この二冊によって、英文を早く正確に読み文章全体の意味を把握するためには、単に「語彙」「文法」そして「語法」が分かっているだけでは限界があり、その限界を超えていくためには「受験英語」から「実用英語」への橋渡し的な学習が必要だということが分かりました。
上記の二冊は、大学で教鞭をとられる方々によって書かれていることもあって非常に深い学びを得られたわけですが、一方で、あくまでも大学受験レベルは当然クリアしているという前提の下で書かれていますのでアカデミック的に過ぎると感じられる方も少なくないような気がします(特に#286)。
その点、本書の著者は東進ハイスクールの講師を経てリクルートが運営する「スタディサプリ」の講師をされているバリバリの受験畑の方ですので、学生にはこちらの方が読みやすいかと思いました。
とはいえ、「受験英語」から「実用英語」への橋渡し的な学習が必要であって、「その限界を超えていく」という目標としては全く同じです。
その証拠に著者は本書の冒頭において以下のような頼もしい表明をされています。
「英文読解の教え方として『語彙を増やそう』という指導がありますが、それでは指導とは言えません。なぜなら語彙習得は永久に続くわけで、語彙力が完璧になることなどあり得ません。
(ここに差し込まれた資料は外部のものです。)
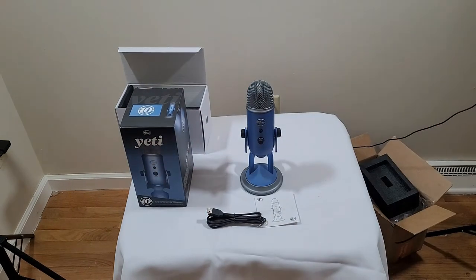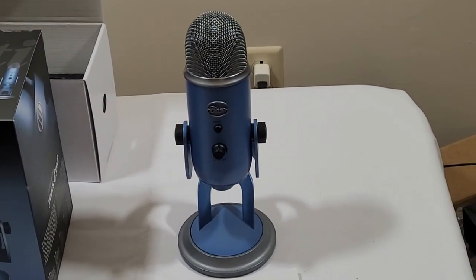Here's the beautiful Blue Yeti Anniversary Edition microphone. For comparison, this is what it sounds like without it — just the microphone built into my laptop. Now I'm going to plug it in and we'll see what happens. This is the Blue Yeti microphone plugged in, and this is what it sounds like with the gain set.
どこかで見切りをつけて、ある程度の語彙力である程度英文の意図を把握できる力をつけないと、『自分は語彙力不足なのでどうも英文を読むのが苦手だ』と一生言い続けることになってしまいます。ではどうすればいいか、それは英文の書き手のちょっとした『手の内』を知ることです。つまり本書では、英文読解の『定石』を解説していきます。定石ですから、決して安易なもの、応急処置的な方法論ではありません。英語と関わる限り、一生モノと言える読み方を体系的に示しました。新書という形をとったのはこれらの方法論が、受験のためのテクニックとしてだけでなく、汎用性が極めて高いものであることを証明するための私自身の挑戦という意味を込めたためです。(一部加筆修正)」
英文読解に関する「総まとめ」としては最適な一冊だと思います。